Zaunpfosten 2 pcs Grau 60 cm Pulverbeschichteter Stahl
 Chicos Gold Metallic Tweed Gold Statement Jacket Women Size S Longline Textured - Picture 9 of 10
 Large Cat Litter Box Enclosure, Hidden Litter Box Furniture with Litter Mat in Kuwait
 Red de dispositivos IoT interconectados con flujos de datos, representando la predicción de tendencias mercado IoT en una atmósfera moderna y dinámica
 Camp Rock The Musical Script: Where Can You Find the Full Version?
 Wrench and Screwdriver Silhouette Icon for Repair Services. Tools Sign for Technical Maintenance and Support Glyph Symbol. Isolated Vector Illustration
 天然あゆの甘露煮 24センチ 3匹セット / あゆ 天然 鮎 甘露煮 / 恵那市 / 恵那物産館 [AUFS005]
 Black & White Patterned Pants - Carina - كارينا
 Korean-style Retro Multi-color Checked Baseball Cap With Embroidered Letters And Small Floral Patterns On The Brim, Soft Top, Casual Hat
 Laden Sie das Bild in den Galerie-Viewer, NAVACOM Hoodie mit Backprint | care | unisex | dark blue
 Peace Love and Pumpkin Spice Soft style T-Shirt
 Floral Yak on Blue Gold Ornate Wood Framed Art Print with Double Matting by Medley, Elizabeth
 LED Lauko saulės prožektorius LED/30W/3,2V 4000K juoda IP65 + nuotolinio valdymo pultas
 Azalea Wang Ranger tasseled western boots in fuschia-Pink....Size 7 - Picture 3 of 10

» **WHAT THE EXERCISE ASKS**: The lines running from the start of the data through the one that contains "Wrench and Screwdriver" should be reproduced exactly, and only those.

» **ANSWER SECTION**:
Zaunpfosten 2 pcs Grau 60 cm Pulverbeschichteter Stahl
 Chicos Gold Metallic Tweed Gold Statement Jacket Women Size S Longline Textured - Picture 9 of 10
 Large Cat Litter Box Enclosure, Hidden Litter Box Furniture with Litter Mat in Kuwait
 Red de dispositivos IoT interconectados con flujos de datos, representando la predicción de tendencias mercado IoT en una atmósfera moderna y dinámica
 Camp Rock The Musical Script: Where Can You Find the Full Version?
 Wrench and Screwdriver Silhouette Icon for Repair Services. Tools Sign for Technical Maintenance and Support Glyph Symbol. Isolated Vector Illustration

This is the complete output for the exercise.